School of Information & Electrical Engineering, Hebei University of Engineering, Handan 056038, Hebei, China.
Hebei Key Laboratory of Security & Protection Information Sensing and Processing, Handan 056038, Hebei, China.
Sensors (Basel). 2019 Mar 22;19(6):1421. doi: 10.3390/s19061421.

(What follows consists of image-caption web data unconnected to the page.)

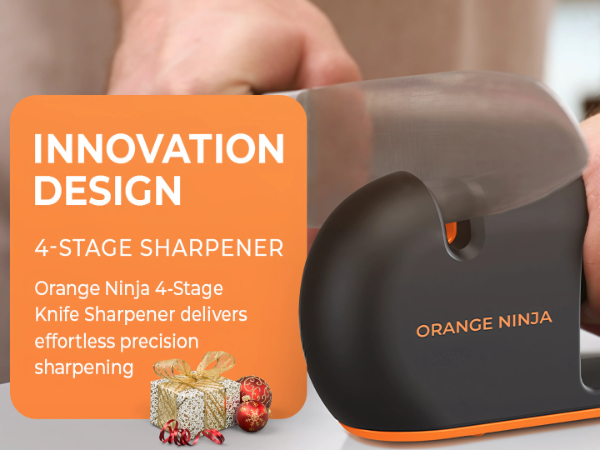 Orange Ninja Knife Sharpener afilador de cuchillos amolador de cuchillos manual afilador de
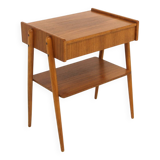 Scandinavian teak bedside table, AB Carlströms, Sweden, 1960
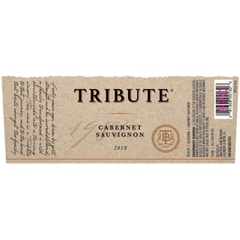 Tribute, Cabernet Sauvignon Label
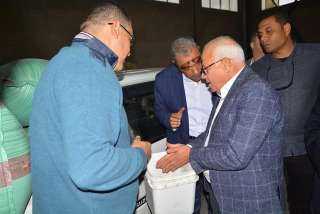 محافظ بورسعيد يتفقد مضرب الأرز...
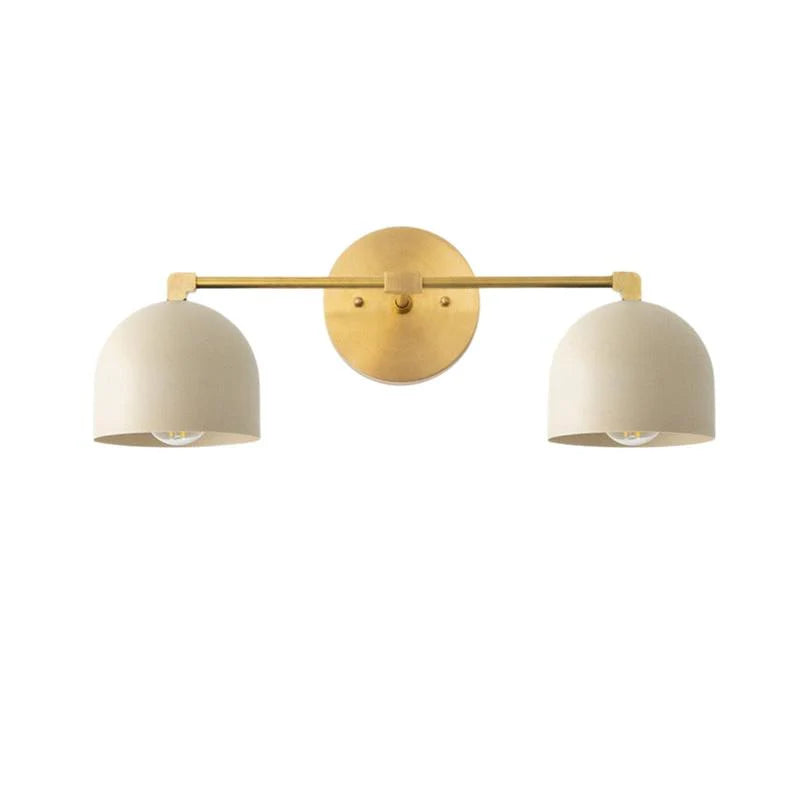 Metalen Wandlamp met Bolvormige Kap – Scandinavische Sfeerlamp voor Badkamer Slaapkamer Woonkamer – Moderne Wandverlichting Zwart Goud Messing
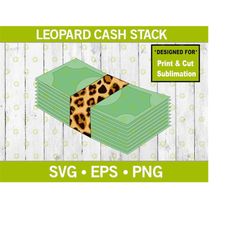 leopard fashion cash stack svg, fashion money svg, designer money svg, fashion cash svg, money stack svg, dollar bill sv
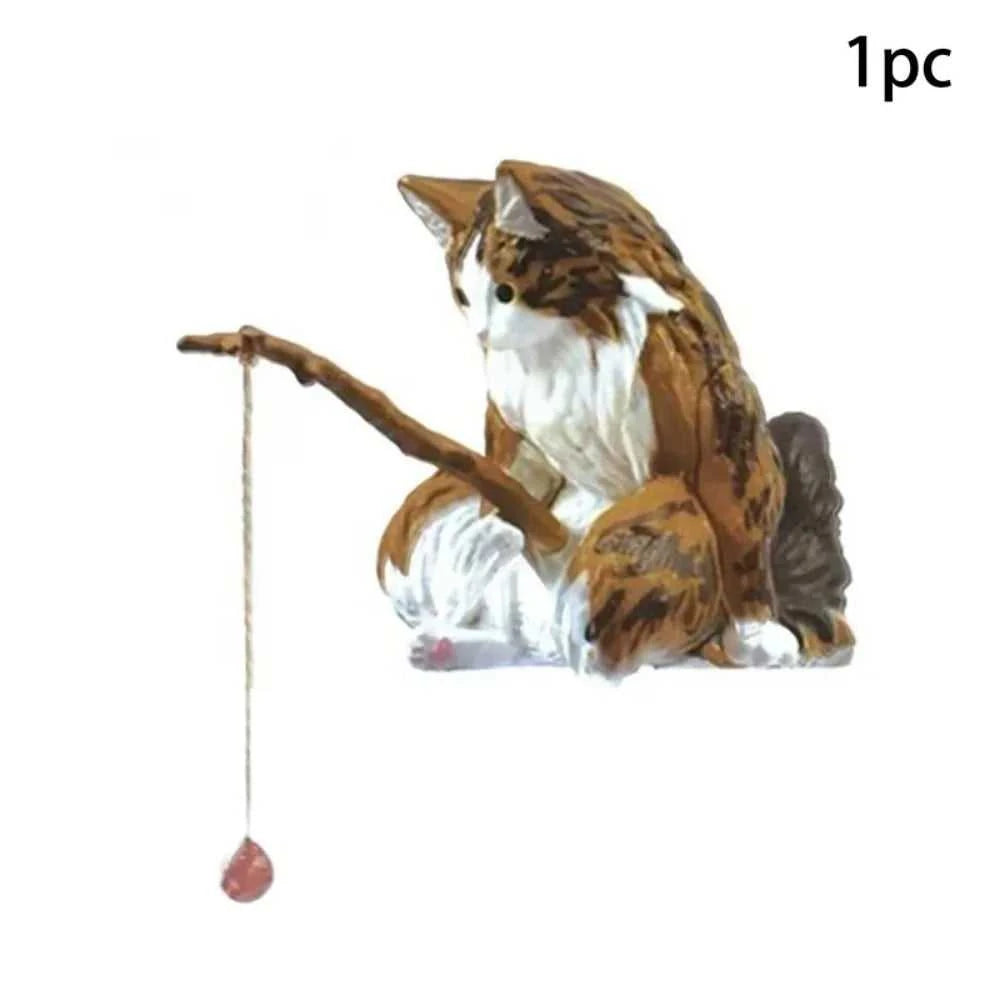 Fish Tank Fishing Cat Hanging Creative Landscape Office Ornaments Fishing Fun Mini Decorative Micro-Landscape The jack market .AU The jack market .AU Fishing Gear $ 21 14:29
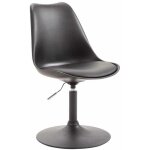 Chaise de lunch bureau réglable en cuir écologique et plastique moderne diverses couleurs couleur : noir ... Chaise de lunch bureau réglable en cuir écologique et plastique moderne diverses couleurs couleur : noir ...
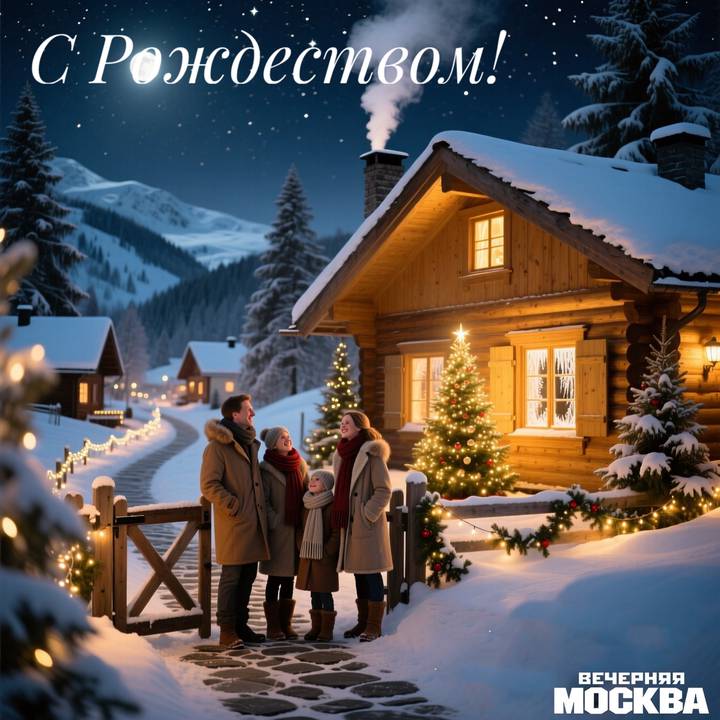 Красивые открытки с рождеством: скачать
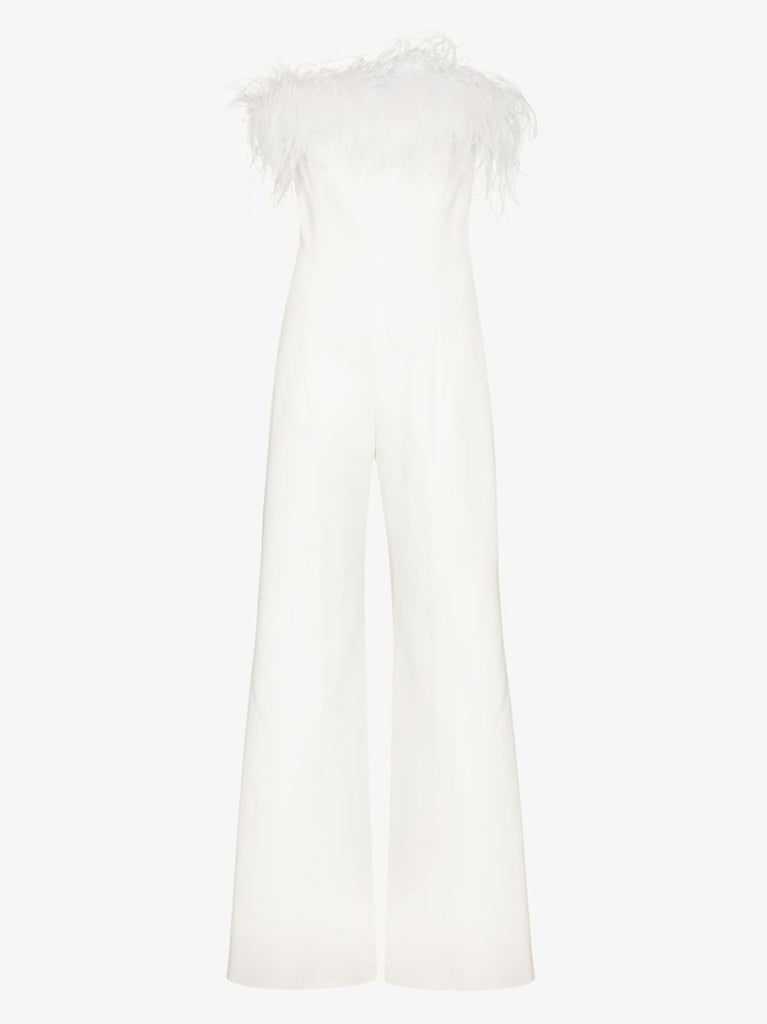 Taree Feather Trim Jumpsuit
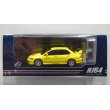 画像1: Hobby JAPAN 1/64 Mitsubishi Lancer GSR EVOLUTION 8 Yellow Solid with Engine Display Model (1)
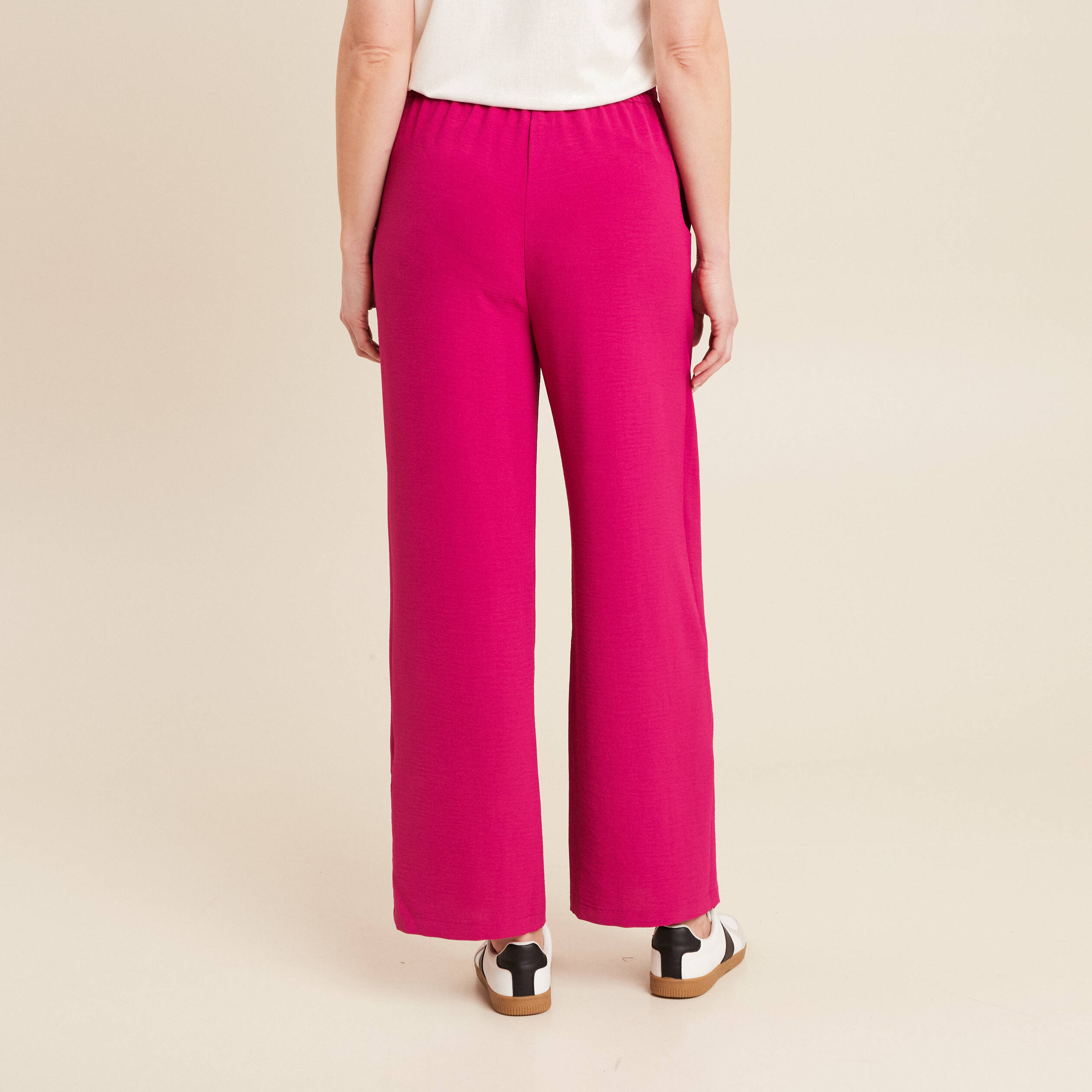 pantalon portefeuille rose fushia femme Pantalon portefeuille rose fushia femme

As wireless sensing has developed, wireless behavior recognition has become a promising research area, in which human motion duration is one of the basic and significant parameters to measure human behavior. At present, however, there is no consideration of the duration estimation of human motion leveraging wireless signals. In this paper, we propose a novel system for robust duration estimation of human motion (R-DEHM) with WiFi in the area of interest. To achieve this, we first collect channel statement information (CSI) measurements on commodity WiFi devices and extract robust features from the CSI amplitude. Then, the back propagation neural network (BPNN) algorithm is introduced for detection by seeking a cutting line of the features for different states, i.e., moving human presence and absence. Instead of directly estimating the duration of human motion, we transform the complex and continuous duration estimation problem into a simple and discrete human motion detection by segmenting the CSI sequences. Furthermore, R-DEHM is implemented and evaluated in detail. The results of our experiments show that R-DEHM achieves the human motion detection and duration estimation with the average detection rate for human motion more than 94% and the average error rate for duration estimation less than 8%, respectively.
随着无线传感技术的发展,无线行为识别已成为一个很有前途的研究领域,其中人类运动持续时间是衡量人类行为的基本且重要的参数之一。然而,目前利用无线信号还没有考虑到人类运动持续时间的估计。在本文中,我们提出了一种利用 WiFi 的新颖的无线感知中的人类运动持续时间稳健估计(R-DEHM)系统。为了实现这一目标,我们首先在商品 WiFi 设备上收集信道状态信息(CSI)测量值,并从 CSI 幅度中提取稳健的特征。然后,引入反向传播神经网络(BPNN)算法进行检测,通过寻找不同状态(即移动人体的存在和不存在)的特征的切割线来进行检测。我们没有直接估计人类运动的持续时间,而是通过对 CSI 序列进行分段,将复杂的连续持续时间估计问题转换为简单的离散人类运动检测。此外,还详细地实现和评估了 R-DEHM。我们的实验结果表明,R-DEHM 可以实现人类运动检测和持续时间估计,其人类运动的平均检测率超过 94%,持续时间估计的平均误差率小于 8%。